▶ [How to complete this task]:
Look below for the line with "Looks like we" and the line with "I'm David Brock, Senior". Copy exactly those two lines and every line between, but not the pictures.

▶ [Records for this exercise]:
::::::::::

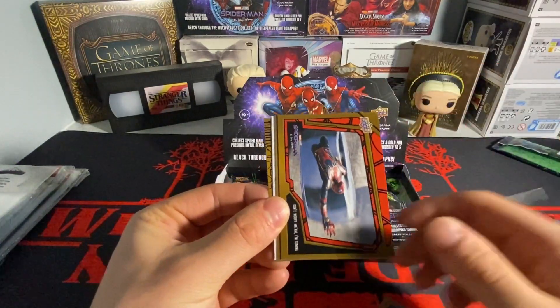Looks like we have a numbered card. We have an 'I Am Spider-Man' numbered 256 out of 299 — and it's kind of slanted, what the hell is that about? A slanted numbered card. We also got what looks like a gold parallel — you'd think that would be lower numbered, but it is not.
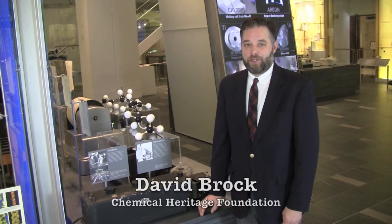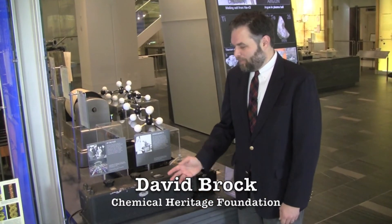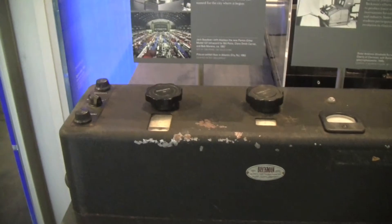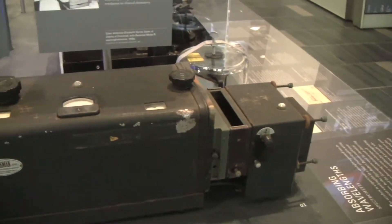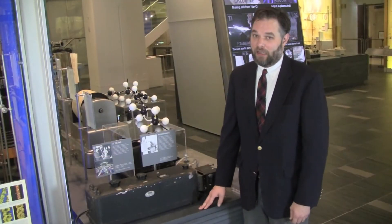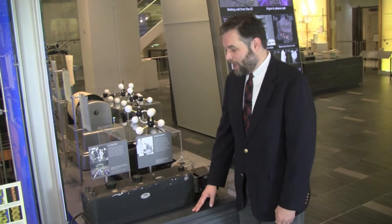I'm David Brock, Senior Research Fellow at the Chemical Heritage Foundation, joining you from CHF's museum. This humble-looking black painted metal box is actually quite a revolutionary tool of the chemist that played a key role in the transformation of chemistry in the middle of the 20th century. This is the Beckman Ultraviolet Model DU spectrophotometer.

::::::::::

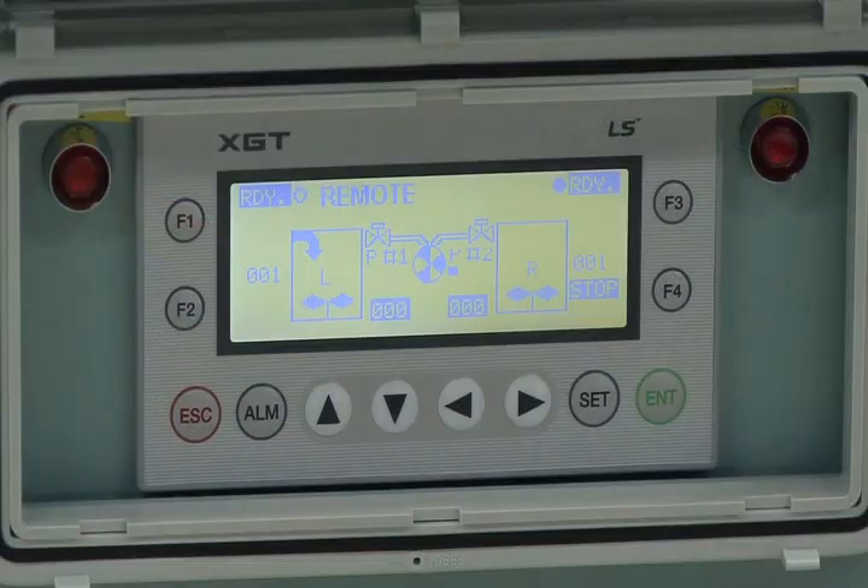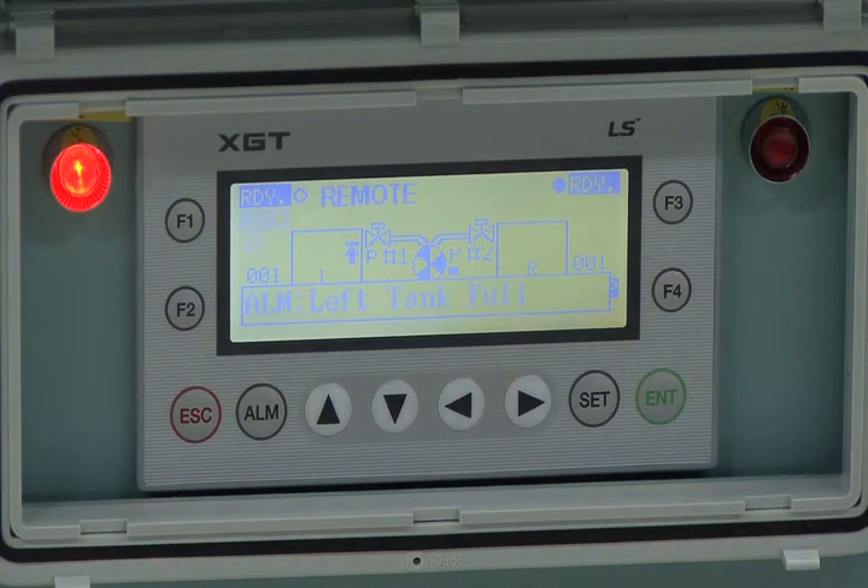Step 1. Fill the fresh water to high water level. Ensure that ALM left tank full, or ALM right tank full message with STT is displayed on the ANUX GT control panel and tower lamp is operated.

::::::::::

▶ [Solution]:
Looks like we have a numbered card. We have an 'I Am Spider-Man' numbered 256 out of 299 — and it's kind of slanted, what the hell is that about? A slanted numbered card. We also got what looks like a gold parallel — you'd think that would be lower numbered, but it is not.
I'm David Brock, Senior Research Fellow at the Chemical Heritage Foundation, joining you from CHF's museum. This humble-looking black painted metal box is actually quite a revolutionary tool of the chemist that played a key role in the transformation of chemistry in the middle of the 20th century. This is the Beckman Ultraviolet Model DU spectrophotometer.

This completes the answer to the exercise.